#### Records to process
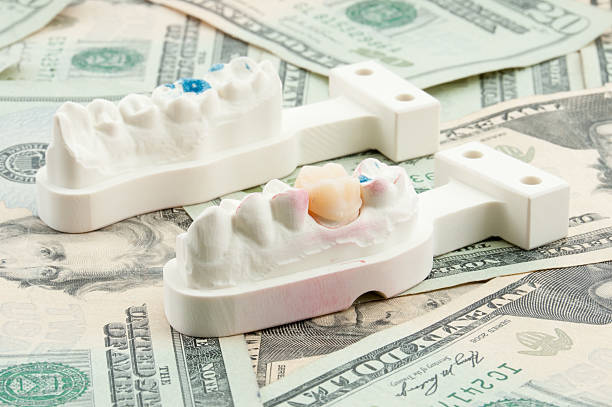 dental crowns Turkey cost
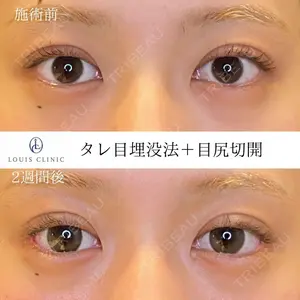 LOUIS CLINIC 二子玉川院【ルイクリニック】 小松 塁医師の症例
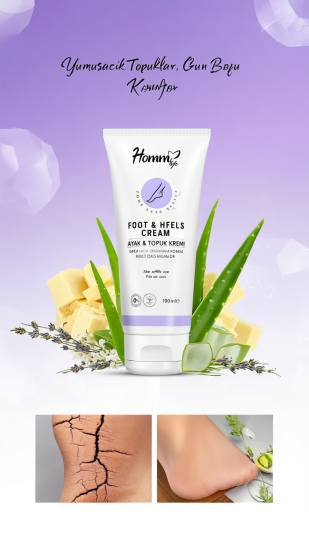 HOMM LIFE Ayak & Topuk Kremi 100 ml | Yumuşacık Topuklar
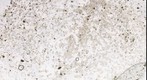 145-881A-1H-01-20cm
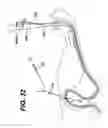 Fig. 31 - Feeding tube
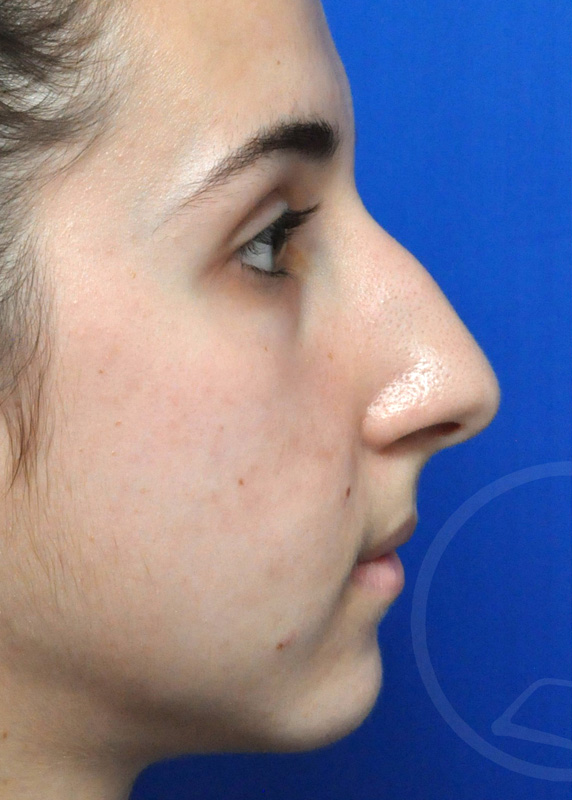 Rhinoplasty Before and After Pictures Jacksonville, FL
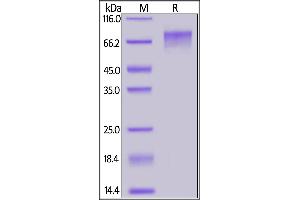 Cynomolgus GUCY2C, His Tag on  under reducing (R) condition.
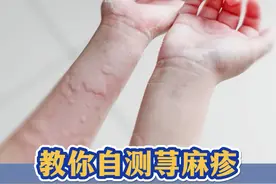 一冷、一热、一激动，身上就发红发痒，这可能是#荨麻疹 #皮肤健康 #医学科普 #dou来涨健康知识    视频封面
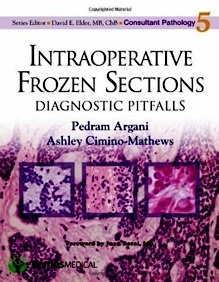 Intraoperative Frozen Sections "Diagnostic Pitfalls"
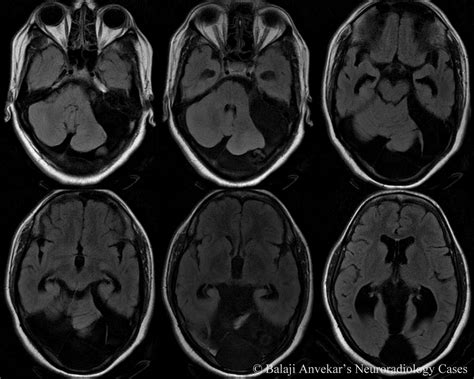 Dr Balaji Anvekar FRCR: Posterior Fossa Arachnoid cyst MRI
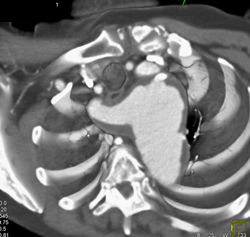 Aberrant Right Subclavian With Aneurysm - CTisus CT Scan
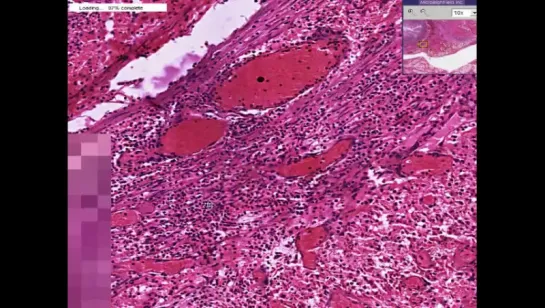 16.Appendix--Peri-appendiceal abscess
########
The line containing "LOUIS CLINIC 二子玉川院【ルイクリニック】 小松 塁医師の症例" and all lines after it, through the last line of the records, should be returned exactly. Omit the pictures.

Answer below:
 LOUIS CLINIC 二子玉川院【ルイクリニック】 小松 塁医師の症例
 HOMM LIFE Ayak & Topuk Kremi 100 ml | Yumuşacık Topuklar
 145-881A-1H-01-20cm
 Fig. 31 - Feeding tube
 Rhinoplasty Before and After Pictures Jacksonville, FL
 Cynomolgus GUCY2C, His Tag on  under reducing (R) condition.
 一冷、一热、一激动，身上就发红发痒，这可能是#荨麻疹 #皮肤健康 #医学科普 #dou来涨健康知识    视频封面
 Intraoperative Frozen Sections "Diagnostic Pitfalls"
 Dr Balaji Anvekar FRCR: Posterior Fossa Arachnoid cyst MRI
 Aberrant Right Subclavian With Aneurysm - CTisus CT Scan
 16.Appendix--Peri-appendiceal abscess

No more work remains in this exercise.